Aujourd’hui, quelles sont les priorités des Japonais ? Selon un sondage publié par Mainichi Shinbun, l’un des plus grands journaux nippons, elles sont économiques pour 32 % des Japonais, devant le système de santé pour 23 % et les impôts pour 10 %. Le nucléaire n'arrive qu'après, avec 7%, à égalité avec la reconstruction des zones dévastées par le tsunami. Abe l’a compris, qui mise tout sur la reprise économique. Il veut lancer une politique de grands travaux, au détriment de la dette publique. Il veut aussi pousser la banque centrale à faire tourner la planche à billets pour juguler la déflation et parvenir à une inflation de 2 %. Voilà qui révèle une volonté affirmée de réveiller l’économie.
Japon : retour en force des conservateurs
Yukiko Kaka
Entre le parti démocrate du Japon de Noda et le parti libéral-démocrate de Abe, quelle place reste-t-il aux petits ? Des partis aux thématiques marquées sont récemment apparus à droite comme à gauche dans le paysage politique japonais, comme le parti de la Restauration japonaise (PRJ, nationaliste), fondé par l’ex-gouverneur de Tokyo Shintaro Ishihara, ou le parti antinucléaire de Yukiko Kada, le parti de l'Avenir du Japon, fondé par des anciens du parti démocrate. Tous deux vont grappiller des voix à droite et à gauche, et peut-être atteindre 3 % à 6 % des voix.

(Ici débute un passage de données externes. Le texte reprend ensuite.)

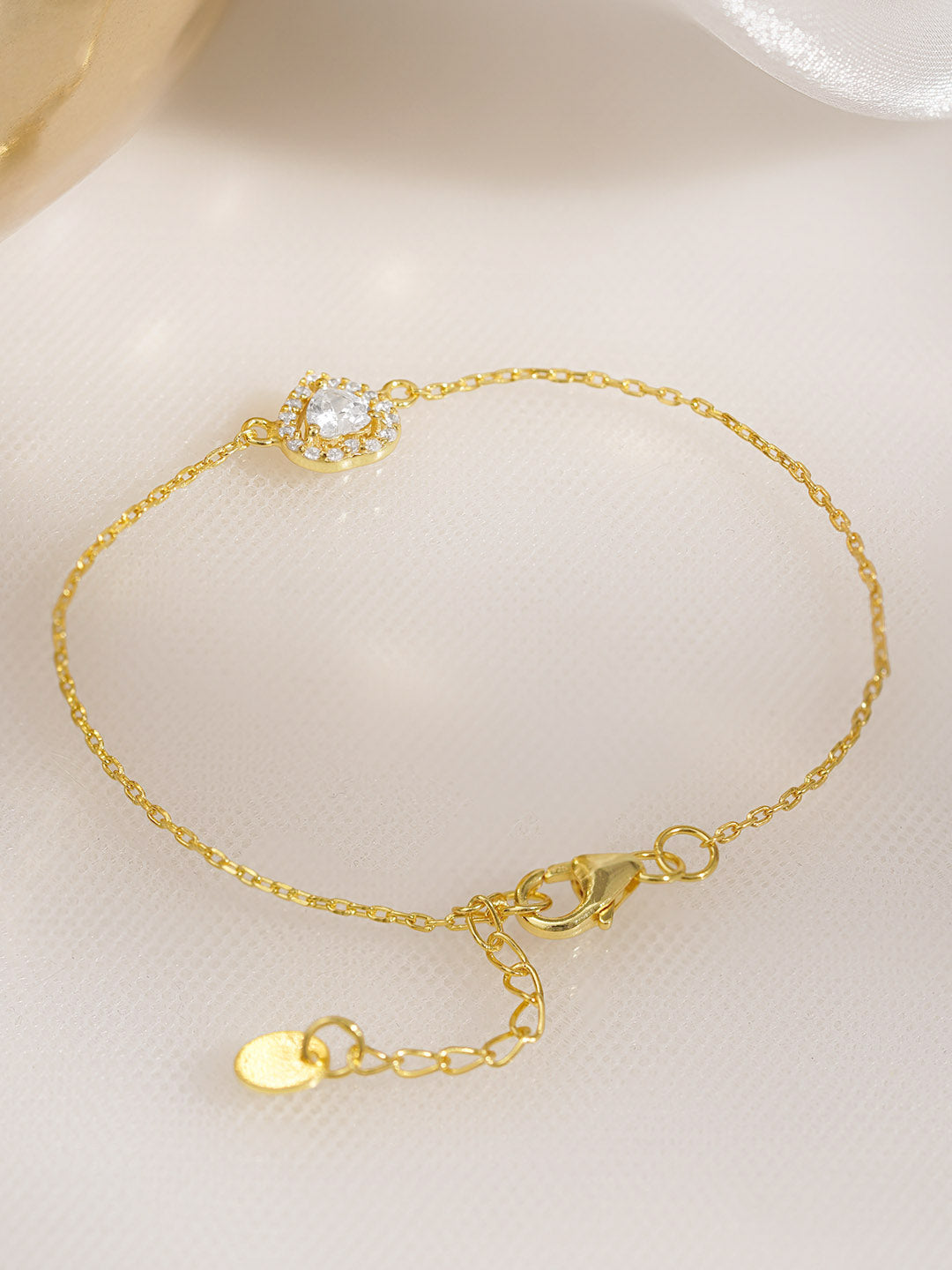 925 Fine Silver Glittering Heart Bracelet Length-15 cm  : Width-1 cm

Toujours est-il qu’ils vont amenuiser l’assise des grands partis traditionnels. Mais ils sont encore trop jeunes pour que l’on puisse projeter la place qu’ils occuperont à l’avenir sur la scène politique.
Japon : retour en force des conservateurs
Shintaro Ishihara
Comment les Japonais vivent-ils ces élections ? La frustration et le détachement des électeurs est sensible. A la veille du scrutin, 40 % d’entre eux restent indécis. Reste que les sondages créditent  aux conservateurs 300 sièges sur 480, tandis que leur allié traditionnel, le Komeito, devrait apporter 30 sièges supplémentaires. En revanche, les démocrates devraient voir leur nombre de sièges divisé par deux. Au cours du 1er semestre 2013 sera renouvelée une moitié du Sénat,  une institution qui  a du poids dans la vie politique japonaise. Si Abe, aujourd’hui, devient Premier ministre, il aura quelques mois pour transformer son essai. Et alors seulement, les conservateurs auront vraiment tous les pouvoirs.